El otro día me desperté con una publicación de Instagram que decía: “El nihilismo ha muerto, ahora los jóvenes van a misa.”
A simple vista, lo coherente sería que eso despertara satisfacción, incluso orgullo: por fin, aquello en lo que creemos y por lo que vivimos está siendo reconocido por tantos jóvenes. Personas que, en algún momento, callaban o incluso criticaban cuando el nombre de Jesús, o palabras como fe o Iglesia, aparecían en una conversación.
Y ahora son ellos quienes siguen y aplauden canciones, películas o movimientos que anuncian la Palabra de Dios. Son conscientes del amor de Dios, y eso debería ser increíble… o al menos parecerlo de primeras.
Lo cierto —y perdón por el toque catastrofista— es que no todo puede ser tan bonito.
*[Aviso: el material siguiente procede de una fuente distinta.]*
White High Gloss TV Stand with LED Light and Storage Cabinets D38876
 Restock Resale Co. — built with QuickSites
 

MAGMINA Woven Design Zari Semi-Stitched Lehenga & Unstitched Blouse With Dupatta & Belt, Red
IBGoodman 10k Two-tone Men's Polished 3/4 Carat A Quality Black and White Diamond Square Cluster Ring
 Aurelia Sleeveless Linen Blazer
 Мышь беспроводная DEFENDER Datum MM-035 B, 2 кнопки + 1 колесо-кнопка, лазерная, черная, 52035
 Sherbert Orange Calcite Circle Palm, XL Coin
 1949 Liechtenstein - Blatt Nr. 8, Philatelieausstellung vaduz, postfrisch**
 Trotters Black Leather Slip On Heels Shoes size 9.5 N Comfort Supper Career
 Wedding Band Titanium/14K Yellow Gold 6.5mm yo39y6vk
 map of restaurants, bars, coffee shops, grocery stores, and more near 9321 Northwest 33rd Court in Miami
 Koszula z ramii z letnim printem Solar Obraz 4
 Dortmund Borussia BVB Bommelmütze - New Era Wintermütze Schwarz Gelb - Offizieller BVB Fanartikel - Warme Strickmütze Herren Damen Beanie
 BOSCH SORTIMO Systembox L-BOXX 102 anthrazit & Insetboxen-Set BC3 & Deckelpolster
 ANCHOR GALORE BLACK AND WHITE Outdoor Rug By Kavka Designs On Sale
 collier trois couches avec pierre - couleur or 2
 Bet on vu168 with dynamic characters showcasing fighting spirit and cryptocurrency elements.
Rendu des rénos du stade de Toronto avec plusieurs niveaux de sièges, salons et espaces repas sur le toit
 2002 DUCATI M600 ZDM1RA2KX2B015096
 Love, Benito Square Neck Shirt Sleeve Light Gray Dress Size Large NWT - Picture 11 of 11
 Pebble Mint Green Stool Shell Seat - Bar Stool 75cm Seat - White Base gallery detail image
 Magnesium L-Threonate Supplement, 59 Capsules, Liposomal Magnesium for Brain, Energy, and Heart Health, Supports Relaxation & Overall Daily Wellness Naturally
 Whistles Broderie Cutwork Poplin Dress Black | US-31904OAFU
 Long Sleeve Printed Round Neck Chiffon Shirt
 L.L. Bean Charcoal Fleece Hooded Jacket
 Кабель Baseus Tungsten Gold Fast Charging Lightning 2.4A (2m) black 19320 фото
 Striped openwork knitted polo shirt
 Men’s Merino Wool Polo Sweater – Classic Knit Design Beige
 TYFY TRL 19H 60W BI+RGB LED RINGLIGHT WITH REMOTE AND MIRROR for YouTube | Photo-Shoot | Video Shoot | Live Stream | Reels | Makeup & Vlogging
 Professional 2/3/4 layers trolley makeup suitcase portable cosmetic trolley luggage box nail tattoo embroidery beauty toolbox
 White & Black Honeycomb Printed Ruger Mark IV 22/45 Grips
Por una parte, se acerca el tiempo de Adviento y de Navidad: un tiempo, sin duda, de milagros y de acercarnos a una verdad que nos recuerda que la esperanza no está perdida, y que nace el Amor.
Pero, por otra, pienso: ojalá este amor que ahora vitorea a Dios —como cuando Jesús entró en Jerusalén— no se desvanezca pronto, como cuando solo quedaron tres personas al pie de la cruz.
Somos también la generación de la mecha corta: todo nos ilusiona, lo convertimos en moda… pero lo olvidamos antes de que dé tiempo a echar raíces.
Ojalá quienes ya hemos conocido el amor de Dios seamos capaces de ayudar a construir una base sólida, para que todos podamos mantener viva esta ilusión por Jesús. Que, cuando se acaben las series, los conciertos y llegue la cruz, nos mantengamos firmes en la fe.